[Crawled caption data]
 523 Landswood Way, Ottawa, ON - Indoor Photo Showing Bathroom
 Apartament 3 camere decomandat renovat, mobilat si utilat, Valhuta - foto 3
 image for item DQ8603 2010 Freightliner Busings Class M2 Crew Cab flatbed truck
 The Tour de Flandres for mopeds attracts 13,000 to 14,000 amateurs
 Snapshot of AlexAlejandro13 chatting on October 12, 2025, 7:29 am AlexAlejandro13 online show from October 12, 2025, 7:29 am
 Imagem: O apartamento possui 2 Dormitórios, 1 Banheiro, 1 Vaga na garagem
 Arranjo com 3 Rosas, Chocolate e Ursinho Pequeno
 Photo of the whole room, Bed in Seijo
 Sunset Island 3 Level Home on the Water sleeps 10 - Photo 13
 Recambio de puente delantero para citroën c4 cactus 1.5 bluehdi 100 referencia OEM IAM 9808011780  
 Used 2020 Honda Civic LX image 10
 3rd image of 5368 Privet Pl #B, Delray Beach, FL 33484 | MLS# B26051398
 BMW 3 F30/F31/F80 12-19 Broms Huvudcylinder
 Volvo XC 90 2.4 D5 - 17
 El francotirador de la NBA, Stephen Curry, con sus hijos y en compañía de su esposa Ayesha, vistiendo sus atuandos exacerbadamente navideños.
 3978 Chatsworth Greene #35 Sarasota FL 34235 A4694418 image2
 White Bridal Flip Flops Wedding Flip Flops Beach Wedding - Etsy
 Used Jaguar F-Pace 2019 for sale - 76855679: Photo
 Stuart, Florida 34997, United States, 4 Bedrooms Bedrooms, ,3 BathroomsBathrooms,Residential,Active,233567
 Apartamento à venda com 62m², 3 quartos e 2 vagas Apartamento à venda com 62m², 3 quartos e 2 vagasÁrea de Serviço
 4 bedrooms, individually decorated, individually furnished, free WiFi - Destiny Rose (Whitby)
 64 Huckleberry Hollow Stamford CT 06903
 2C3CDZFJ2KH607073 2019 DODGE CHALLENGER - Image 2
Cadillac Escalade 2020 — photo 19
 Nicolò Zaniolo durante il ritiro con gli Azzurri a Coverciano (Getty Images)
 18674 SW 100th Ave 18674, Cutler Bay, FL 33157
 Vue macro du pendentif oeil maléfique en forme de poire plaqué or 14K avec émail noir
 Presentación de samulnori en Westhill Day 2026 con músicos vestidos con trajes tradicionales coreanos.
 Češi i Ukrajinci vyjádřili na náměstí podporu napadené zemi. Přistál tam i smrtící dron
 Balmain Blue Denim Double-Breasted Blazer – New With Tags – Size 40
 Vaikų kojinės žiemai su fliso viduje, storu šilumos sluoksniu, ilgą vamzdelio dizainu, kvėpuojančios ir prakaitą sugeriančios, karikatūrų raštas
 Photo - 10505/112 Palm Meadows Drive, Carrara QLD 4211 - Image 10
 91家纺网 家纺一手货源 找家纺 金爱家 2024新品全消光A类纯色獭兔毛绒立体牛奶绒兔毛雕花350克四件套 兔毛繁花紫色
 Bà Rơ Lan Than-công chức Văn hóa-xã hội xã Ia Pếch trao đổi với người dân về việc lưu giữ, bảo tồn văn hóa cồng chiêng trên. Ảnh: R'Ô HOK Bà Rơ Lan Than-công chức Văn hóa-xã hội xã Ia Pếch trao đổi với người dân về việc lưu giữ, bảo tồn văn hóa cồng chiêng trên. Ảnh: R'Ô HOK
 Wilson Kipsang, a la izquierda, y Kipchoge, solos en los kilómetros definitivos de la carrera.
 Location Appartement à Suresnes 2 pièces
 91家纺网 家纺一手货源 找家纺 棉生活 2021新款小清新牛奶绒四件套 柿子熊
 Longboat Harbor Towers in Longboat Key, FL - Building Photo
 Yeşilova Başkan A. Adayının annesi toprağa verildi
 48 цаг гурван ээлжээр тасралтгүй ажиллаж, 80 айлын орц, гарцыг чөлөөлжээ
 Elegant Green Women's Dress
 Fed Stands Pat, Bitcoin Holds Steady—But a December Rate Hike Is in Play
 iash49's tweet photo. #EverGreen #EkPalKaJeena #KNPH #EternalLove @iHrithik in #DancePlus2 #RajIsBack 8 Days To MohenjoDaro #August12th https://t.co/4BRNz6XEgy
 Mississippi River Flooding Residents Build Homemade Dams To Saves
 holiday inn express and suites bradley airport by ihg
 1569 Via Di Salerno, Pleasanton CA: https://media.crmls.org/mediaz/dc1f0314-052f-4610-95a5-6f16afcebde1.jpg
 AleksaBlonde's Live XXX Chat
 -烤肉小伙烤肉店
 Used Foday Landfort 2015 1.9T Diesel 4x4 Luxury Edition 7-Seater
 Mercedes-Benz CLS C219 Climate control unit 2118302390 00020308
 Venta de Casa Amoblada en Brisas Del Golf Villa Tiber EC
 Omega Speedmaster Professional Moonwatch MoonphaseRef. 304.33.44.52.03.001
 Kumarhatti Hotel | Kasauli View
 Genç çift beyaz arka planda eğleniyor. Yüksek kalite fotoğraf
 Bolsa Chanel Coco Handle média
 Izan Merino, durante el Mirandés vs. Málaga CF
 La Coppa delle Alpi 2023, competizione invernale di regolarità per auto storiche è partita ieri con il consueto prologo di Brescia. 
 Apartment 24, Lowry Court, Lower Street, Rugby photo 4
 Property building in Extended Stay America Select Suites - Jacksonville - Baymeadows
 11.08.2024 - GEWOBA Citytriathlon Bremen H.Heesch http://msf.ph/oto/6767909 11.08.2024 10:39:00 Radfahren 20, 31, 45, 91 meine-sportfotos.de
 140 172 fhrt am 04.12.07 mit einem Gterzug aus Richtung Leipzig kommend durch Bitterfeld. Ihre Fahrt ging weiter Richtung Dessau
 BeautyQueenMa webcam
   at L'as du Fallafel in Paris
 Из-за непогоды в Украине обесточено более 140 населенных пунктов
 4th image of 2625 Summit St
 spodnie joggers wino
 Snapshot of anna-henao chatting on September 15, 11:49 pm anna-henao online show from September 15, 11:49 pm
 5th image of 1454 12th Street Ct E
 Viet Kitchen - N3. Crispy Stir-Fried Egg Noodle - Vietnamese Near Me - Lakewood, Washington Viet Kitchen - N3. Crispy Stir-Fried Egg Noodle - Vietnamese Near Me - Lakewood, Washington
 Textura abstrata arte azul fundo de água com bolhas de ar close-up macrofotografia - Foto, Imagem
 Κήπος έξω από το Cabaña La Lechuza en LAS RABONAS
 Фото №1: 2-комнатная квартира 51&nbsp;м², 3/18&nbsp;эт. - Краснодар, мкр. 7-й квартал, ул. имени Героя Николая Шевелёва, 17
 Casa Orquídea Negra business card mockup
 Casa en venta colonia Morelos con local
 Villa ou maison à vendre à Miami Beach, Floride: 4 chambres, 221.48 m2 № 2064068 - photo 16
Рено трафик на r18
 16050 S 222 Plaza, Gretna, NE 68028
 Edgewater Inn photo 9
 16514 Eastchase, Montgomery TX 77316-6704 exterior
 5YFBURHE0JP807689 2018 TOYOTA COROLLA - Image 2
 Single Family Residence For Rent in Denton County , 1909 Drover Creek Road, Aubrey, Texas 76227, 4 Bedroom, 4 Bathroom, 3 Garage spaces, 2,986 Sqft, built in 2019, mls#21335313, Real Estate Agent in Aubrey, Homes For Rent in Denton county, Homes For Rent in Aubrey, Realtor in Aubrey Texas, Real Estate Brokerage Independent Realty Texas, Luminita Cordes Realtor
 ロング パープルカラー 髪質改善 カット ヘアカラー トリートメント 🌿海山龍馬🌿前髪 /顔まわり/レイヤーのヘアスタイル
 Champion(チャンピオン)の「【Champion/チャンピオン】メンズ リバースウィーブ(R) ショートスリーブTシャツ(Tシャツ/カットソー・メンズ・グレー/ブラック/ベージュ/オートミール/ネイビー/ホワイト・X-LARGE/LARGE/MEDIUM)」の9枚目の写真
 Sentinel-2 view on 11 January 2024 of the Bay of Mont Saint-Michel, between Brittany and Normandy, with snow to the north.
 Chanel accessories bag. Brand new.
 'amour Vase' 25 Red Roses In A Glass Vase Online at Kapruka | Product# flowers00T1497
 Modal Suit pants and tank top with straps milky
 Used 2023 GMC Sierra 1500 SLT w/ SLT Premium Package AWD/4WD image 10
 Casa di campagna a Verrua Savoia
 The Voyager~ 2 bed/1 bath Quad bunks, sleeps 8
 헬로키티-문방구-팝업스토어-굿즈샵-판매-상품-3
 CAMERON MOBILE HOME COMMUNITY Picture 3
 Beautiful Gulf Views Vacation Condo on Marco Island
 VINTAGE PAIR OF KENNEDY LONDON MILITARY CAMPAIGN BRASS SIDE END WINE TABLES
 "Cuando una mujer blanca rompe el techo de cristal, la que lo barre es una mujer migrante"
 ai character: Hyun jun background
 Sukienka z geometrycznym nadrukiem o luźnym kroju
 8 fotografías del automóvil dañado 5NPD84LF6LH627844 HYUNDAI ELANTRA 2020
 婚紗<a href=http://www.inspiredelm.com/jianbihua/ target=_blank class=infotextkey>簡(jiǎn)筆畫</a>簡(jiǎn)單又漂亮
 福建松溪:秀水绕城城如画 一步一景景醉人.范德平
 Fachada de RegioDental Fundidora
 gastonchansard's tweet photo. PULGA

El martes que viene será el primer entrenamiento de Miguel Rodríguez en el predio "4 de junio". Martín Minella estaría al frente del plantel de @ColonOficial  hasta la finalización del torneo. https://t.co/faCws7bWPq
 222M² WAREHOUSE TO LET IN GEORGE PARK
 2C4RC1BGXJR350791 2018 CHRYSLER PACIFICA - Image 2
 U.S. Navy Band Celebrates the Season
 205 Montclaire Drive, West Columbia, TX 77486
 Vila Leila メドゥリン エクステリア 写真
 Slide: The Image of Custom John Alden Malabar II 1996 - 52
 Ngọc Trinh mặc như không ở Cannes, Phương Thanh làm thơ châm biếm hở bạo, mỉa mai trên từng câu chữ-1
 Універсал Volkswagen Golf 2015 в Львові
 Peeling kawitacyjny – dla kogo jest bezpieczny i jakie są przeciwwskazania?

▸ **PROBLEM REQUIREMENTS**
Starting with the line with "91家纺网 家纺一手货源 找家纺 棉生活 2021新款小清新牛奶绒四件套 柿子熊" above and going on through the line with "spodnie joggers wino", transcribe every line exactly, both ends included, and add nothing.

▸ **EXERCISE OUTPUT**
 91家纺网 家纺一手货源 找家纺 棉生活 2021新款小清新牛奶绒四件套 柿子熊
 Longboat Harbor Towers in Longboat Key, FL - Building Photo
 Yeşilova Başkan A. Adayının annesi toprağa verildi
 48 цаг гурван ээлжээр тасралтгүй ажиллаж, 80 айлын орц, гарцыг чөлөөлжээ
 Elegant Green Women's Dress
 Fed Stands Pat, Bitcoin Holds Steady—But a December Rate Hike Is in Play
 iash49's tweet photo. #EverGreen #EkPalKaJeena #KNPH #EternalLove @iHrithik in #DancePlus2 #RajIsBack 8 Days To MohenjoDaro #August12th https://t.co/4BRNz6XEgy
 Mississippi River Flooding Residents Build Homemade Dams To Saves
 holiday inn express and suites bradley airport by ihg
 1569 Via Di Salerno, Pleasanton CA: https://media.crmls.org/mediaz/dc1f0314-052f-4610-95a5-6f16afcebde1.jpg
 AleksaBlonde's Live XXX Chat
 -烤肉小伙烤肉店
 Used Foday Landfort 2015 1.9T Diesel 4x4 Luxury Edition 7-Seater
 Mercedes-Benz CLS C219 Climate control unit 2118302390 00020308
 Venta de Casa Amoblada en Brisas Del Golf Villa Tiber EC
 Omega Speedmaster Professional Moonwatch MoonphaseRef. 304.33.44.52.03.001
 Kumarhatti Hotel | Kasauli View
 Genç çift beyaz arka planda eğleniyor. Yüksek kalite fotoğraf
 Bolsa Chanel Coco Handle média
 Izan Merino, durante el Mirandés vs. Málaga CF
 La Coppa delle Alpi 2023, competizione invernale di regolarità per auto storiche è partita ieri con il consueto prologo di Brescia. 
 Apartment 24, Lowry Court, Lower Street, Rugby photo 4
 Property building in Extended Stay America Select Suites - Jacksonville - Baymeadows
 11.08.2024 - GEWOBA Citytriathlon Bremen H.Heesch http://msf.ph/oto/6767909 11.08.2024 10:39:00 Radfahren 20, 31, 45, 91 meine-sportfotos.de
 140 172 fhrt am 04.12.07 mit einem Gterzug aus Richtung Leipzig kommend durch Bitterfeld. Ihre Fahrt ging weiter Richtung Dessau
 BeautyQueenMa webcam
   at L'as du Fallafel in Paris
 Из-за непогоды в Украине обесточено более 140 населенных пунктов
 4th image of 2625 Summit St
 spodnie joggers wino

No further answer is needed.